Called Arise, it sees the 33-year-old from east London fusing jazz tones to reggae rhythms. It’s an unorthodox mix but one that McFarlane says is something that she has “always been interested in doing”.
“When I first started working professionally in jazz was through Tomorrow’s Warriors and one of the first projects that I did with them was with Jazz Jamaica which is also run by Gary [Crosby] and Janine [Irons], both use jazz and reggae so it’s something that I’ve been exploring anyway for a long time through that band.
“Also my parents are Jamaican so it’s always something that I’ve been interested in. Reggae was my first music, as a child that’s the music that I heard at home. Jazz was something that I got into through musical theatre – I studied musical theatre and a lot of the jazz standards are from musicals, so I was familiar with the material in that way. I started doing more jazzy things at university with one of my teachers and ended up meeting Gary or Janine at the session we had at The Jazz Cafe.”
She points to the fact that even on her 2011 debut album, Until Tomorrow, there were two songs, Blossom Tree and Mama Done, that “when I first wrote them they were like reggae songs; Mama Done was more calypso and Blossom Tree had a reggae guitar influence, so did the bassline”. Her second album, If You Knew Her, contained the Junior Murvin reggae standard Police and Thieves.

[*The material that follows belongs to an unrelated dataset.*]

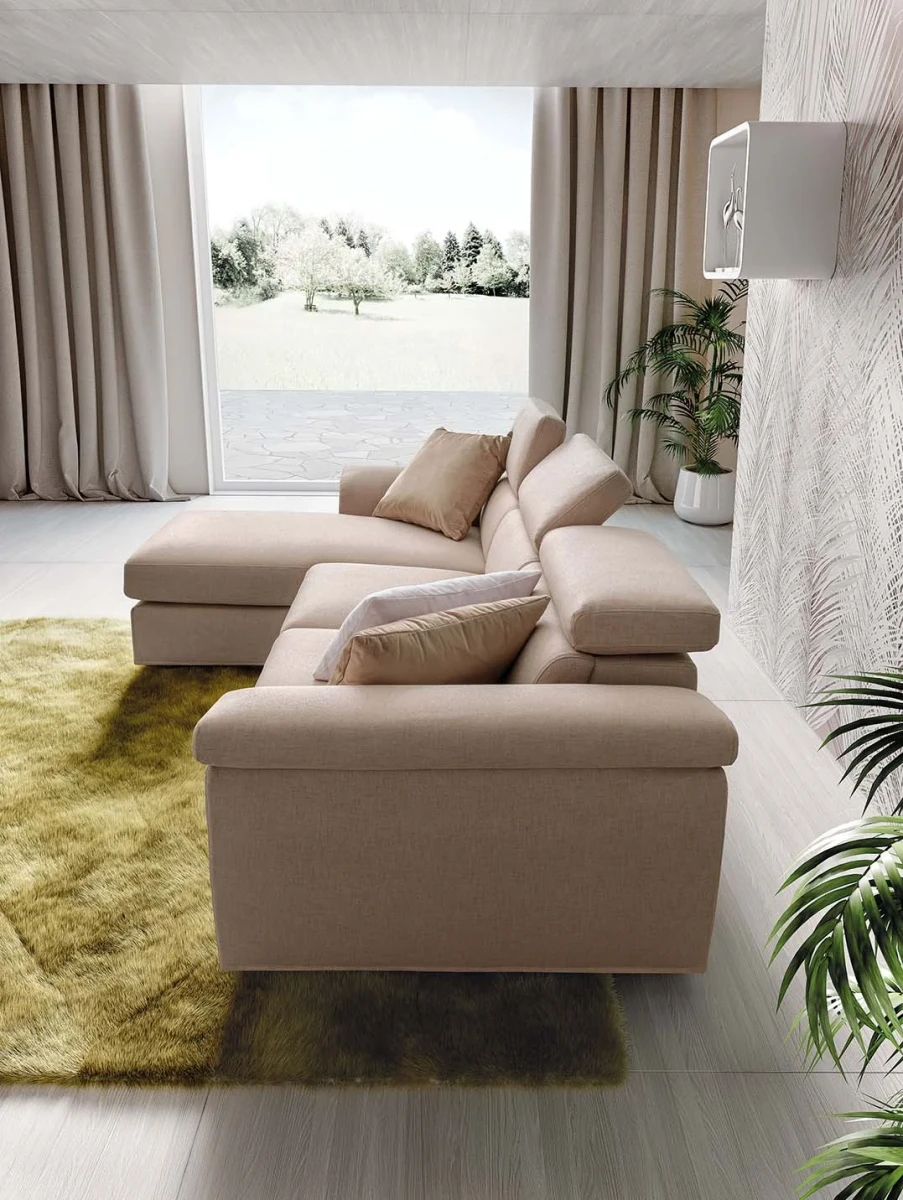 Pieris — Classic sofa with storage mechanisms, adjustable headrests, and extendable footrest.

“In my head I’ve always been trying to meld the two equally but I think [Arise] is the closest I’ve got so far,” she says.

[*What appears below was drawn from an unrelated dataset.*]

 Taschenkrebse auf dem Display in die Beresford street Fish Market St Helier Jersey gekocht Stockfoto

Last year McFarlane travelled to the Caribbean to research Jamaican folk music for a musical that she is developing. She discovered “it’s very rhythmical-led, it’s all about drumming and singing and there’s some dancing associated with styles like Pocomania and kumina”.
“Most of the early Jamaican styles have a lot of African influence, of course, they were also often performed in ceremonies that were in relation to death, they were like spiritual ceremonies, which was quite interesting.”
The cover of Arise features McFarlane dressed in khaki and sporting a red beret, revolutionary-style. She says the lyrics took time but when they did start to flow “the things I was talking about were slightly more socio-political”, adding: “I didn’t really sit down and think I’m going to write a heavy political album but it’s definitely got elements of that sentiment in it. I suppose it’s partly because of everything that’s been going on for the last couple of years, it stays on your mind so when you’re writing it comes out.”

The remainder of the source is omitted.